Monopólios naturais, 'utilities' e outras áreas de interesse público

Grande parte das empresas estatais consideradas estratégicas que estão na lista de privatizações do governo são monopólios naturais. Segundo Francisco Louçã e José Castro Caldas “Há actividades que se caracterizam por apresentarem custos médios e marginais sempre decrescentes, isto é, por terem rendimentos crescentes à escala. É o que se passa por exemplo com os caminhos-de-ferro ou as redes de distribuição de energia. Estas actividades requerem grandes investimentos infra-estruturais mas depois disso os custos adicionais de produção são baixos ou praticamente  nulos. Isto quer dizer que os custos médios e marginais podem ir diminuindo sempre, à medida que a produção e a oferta da empresa aumentam. Nestes casos, uma empresa maior terá sempre vantagem a empresas mais pequenas. A concorrência ditaria como resultado inevitável (“natural”) a sobrevivência da maior delas e o colapso das restantes. Daí a designação de monopólio natural para esta situação”1

As 'utilities' são as empresas que asseguram a produção, transporte, distribuição e comercialização de electricidade, gás e água. Não sendo consideradas por todos os economistas monopólios naturais são no entanto tidas como bens e serviços essenciais pelo que é expectável a sua disponibilização a todas as pessoas a um preço razoável. As 'utilities' não são apenas empresas públicas mas uma vez que é evidente o seu interesse público este sector é regulado e o Estado exerce algum controlo e supervisão sobre as empresas privadas que operam no sector.

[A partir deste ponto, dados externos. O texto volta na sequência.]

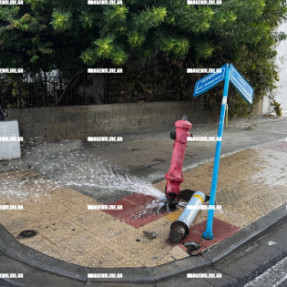 ΤΡΑΚΑΡΙΣΜΕΝΟΣ ΚΡΟΥΝΟΣ ΠΥΡΟΣΒΕΣΤΙΚΗΣ ΣΤΗΝ ΠΑΠΑΝΑΣΤΑΣΙΟΥ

Outros sectores têm também uma grande importância no domínio do interesse público mesmo que este pareça menos evidente. Por exemplo um sistema postal privado não tem como prioridade o bem-estar das populações mas sim a eficiência da gestão pelo que não prestaria serviço em certas áreas onde a margem para o lucro não é atractiva, no entanto, as pessoas que moram nestas áreas têm o direito de usufruir destes serviços daí a importância de um serviço postal público que utilize as mais-valias obtidas em determinadas zonas para garantir a universalidade do serviço. Do mesmo modo a televisão pública é a garantia de um serviço público de televisão que não limita a sua programação aos interesses privados mas garante informação plural e de qualidade assim como entretenimento diversificado. E muitos são os exemplos que encontraríamos para não aconselhar a venda de cada uma das empresas que o governo pretende alienar.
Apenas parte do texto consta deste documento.